Essential Home Buyer Education Agents Often Overlook

Offering home buyer education isn’t a luxury—it’s essential. Yet many agents fail to inform their clients properly. A survey revealed that more than half of home buyers didn’t understand how their agent was paid. This article will explore why agents often avoid discussing commissions, the issues this causes, and how to provide home buyer education your clients need.

Unconscious assumption that because we know something, other people must know it too

Why do agents neglect to explain necessary transaction components to their clients, especially buyers?

When agents spend all day immersed in real estate transactions and jargon, some things seem obvious to them. However, these things are not obvious to the general public. Agents know how they get paid, what a “listing” is, and the work involved in earning their commission. This knowledge isn’t necessarily shared by consumers. This is what is commonly known as the “curse of knowledge.”

Agents should stop talking to clients as if they’re fellow agents and assuming they know these things. Clients pay agents to guide, educate, and make them feel secure in their decisions. If clients knew everything the agents did, they could handle the transaction themselves.

Transparency is a matter of trust

Imagine a scenario where someone wants to buy something and considers hiring an agent to broker the deal. The agent: “I’ll find the item for you, then there will be a period of negotiation. And at some point, I’ll take my fee.”

How would a client feel about that? They might assume they are covering the fee or perhaps think the seller is handling it, but that’s not entirely clear. This ambiguity leaves room for complications.

Clients would likely feel more confident about proceeding if they knew exactly how much they were paying and what they were paying for. This transparency is a matter of trust. Even if the buyer doesn’t end up loving the home they bought, they should feel that the transaction was handled thoughtfully and every dollar was accounted for.

Demonstrate your value

The Curse of Knowledge can alienate an agent from their client. But an even bigger issue arises when agents fail to explain what they do and how they get paid—they fail to demonstrate their value.
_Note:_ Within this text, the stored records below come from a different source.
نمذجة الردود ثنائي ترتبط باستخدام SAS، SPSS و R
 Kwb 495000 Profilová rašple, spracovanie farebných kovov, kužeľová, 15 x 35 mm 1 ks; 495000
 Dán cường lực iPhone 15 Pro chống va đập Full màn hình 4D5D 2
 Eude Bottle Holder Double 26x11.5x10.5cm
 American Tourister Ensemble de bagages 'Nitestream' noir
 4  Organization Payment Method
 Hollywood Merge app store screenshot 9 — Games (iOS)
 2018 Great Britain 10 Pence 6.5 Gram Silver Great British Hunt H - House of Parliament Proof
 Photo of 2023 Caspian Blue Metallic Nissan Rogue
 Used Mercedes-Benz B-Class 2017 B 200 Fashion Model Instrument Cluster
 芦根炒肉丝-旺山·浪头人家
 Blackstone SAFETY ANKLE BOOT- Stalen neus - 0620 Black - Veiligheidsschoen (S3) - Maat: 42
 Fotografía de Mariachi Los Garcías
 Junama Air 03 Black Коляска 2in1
Especially in light of the NAR lawsuit, there’s a misconception that agents merely tour some houses and take a significant commission from people who could have handled the transaction themselves. While agents know this isn’t true, convincing clients requires following a crucial rule: Show, don’t tell.

Applying this principle will transform the nature of an agent’s business, but it must start at the buyer consultation.

Buyer Consultation

Here’s the plain truth: the initial consultation is the most important part of working with buyers. It’s something to study, practice, and refine continuously.

The biggest mistake agents make is turning the consultation into a sales pitch. If done correctly, there’s no need for convincing. Instead, the consultation should focus on these goals:

  1. Give an overview of the upcoming process.
  2. Provide an introductory home buyer education, including how you get paid.
  3. Understand the client’s finances.
  4. Gauge the client’s expectations.
  5. Set your own expectations for the client.
  6. Explain why they need a buyer’s agent and the risks of not having one.
  7. Showcase your market knowledge and how it will help win offers.
  8. Assess their level of commitment.
  9. Secure your buyer-broker agreement (if part of your process).
  10. Lay out the next steps.

Arrange these goals in an order that feels natural, but aim to cover as many as possible.

As stated initially, providing comprehensive home buyer education isn’t an optional service—it’s a necessity that helps agents convert, retain, and work effectively with their buyers. In an increasingly competitive market, agents must also be more competitive. Real competition lies in the buyer consultation; the agent with the best consultation wins.